**WHAT YOU WILL DO**
If a line contains the word "killed", include it in the count; state how many such lines the listing has and nothing else.

**EXTRACTED INFORMATION**
===============

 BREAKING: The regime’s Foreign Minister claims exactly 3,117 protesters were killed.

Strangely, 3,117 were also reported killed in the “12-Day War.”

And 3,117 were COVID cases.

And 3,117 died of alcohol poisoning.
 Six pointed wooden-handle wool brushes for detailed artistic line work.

===============

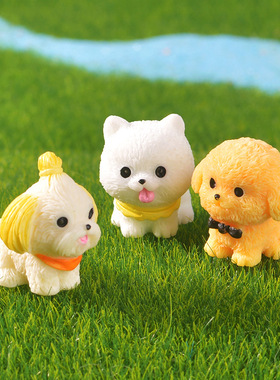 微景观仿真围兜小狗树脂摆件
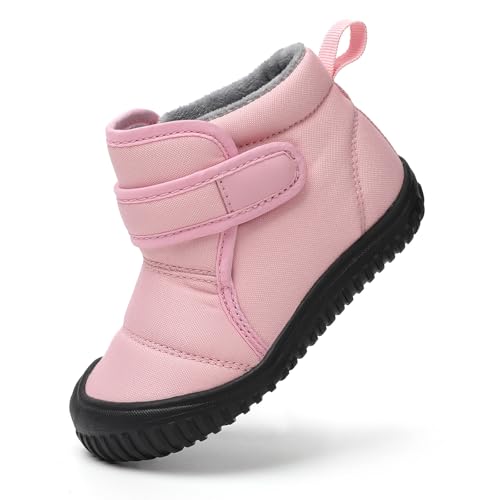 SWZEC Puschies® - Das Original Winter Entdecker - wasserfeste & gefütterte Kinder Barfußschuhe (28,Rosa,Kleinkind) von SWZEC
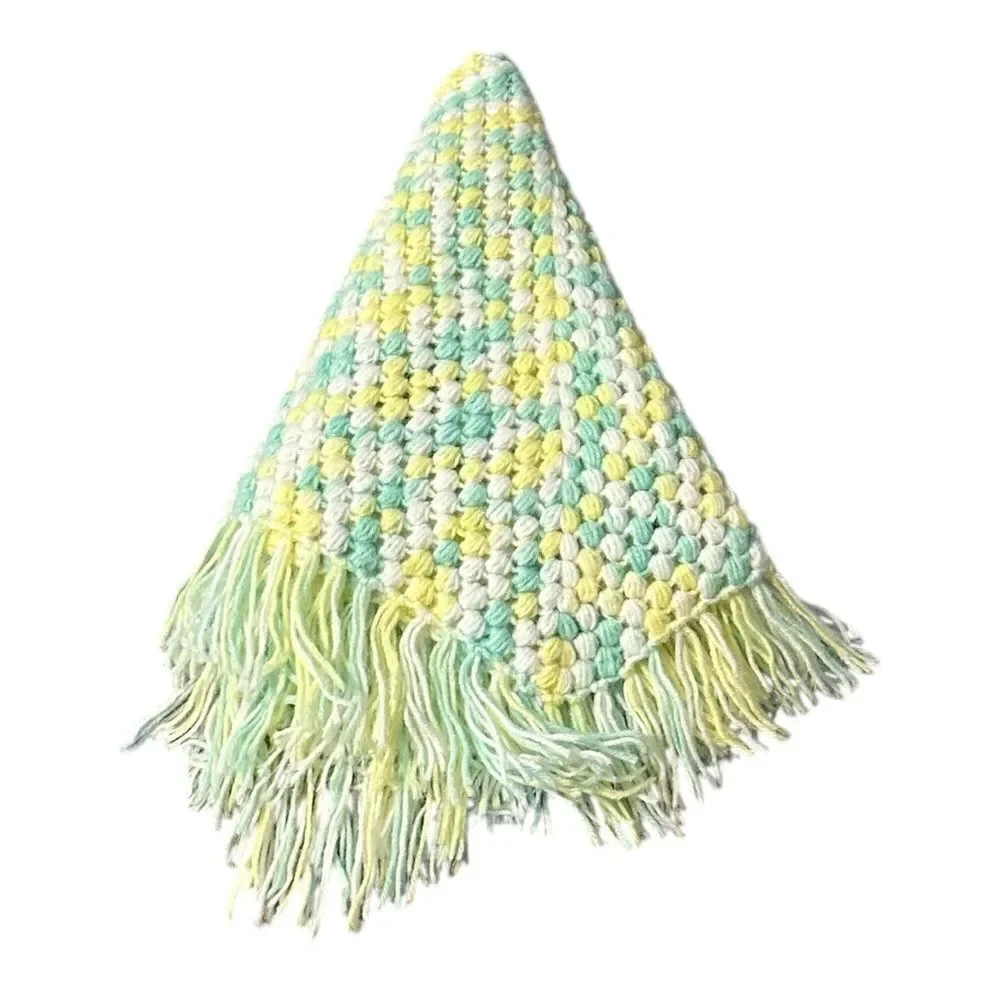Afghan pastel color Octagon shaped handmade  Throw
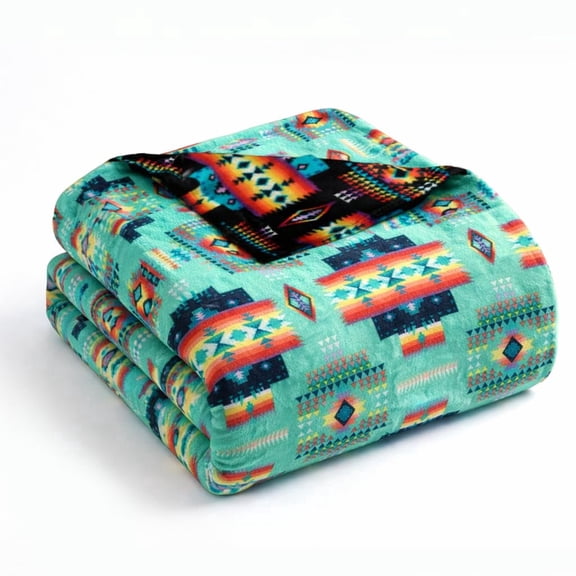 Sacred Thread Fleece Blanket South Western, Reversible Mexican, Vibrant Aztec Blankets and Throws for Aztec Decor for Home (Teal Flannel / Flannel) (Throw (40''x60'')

===============

**EXERCISE RESULT**
2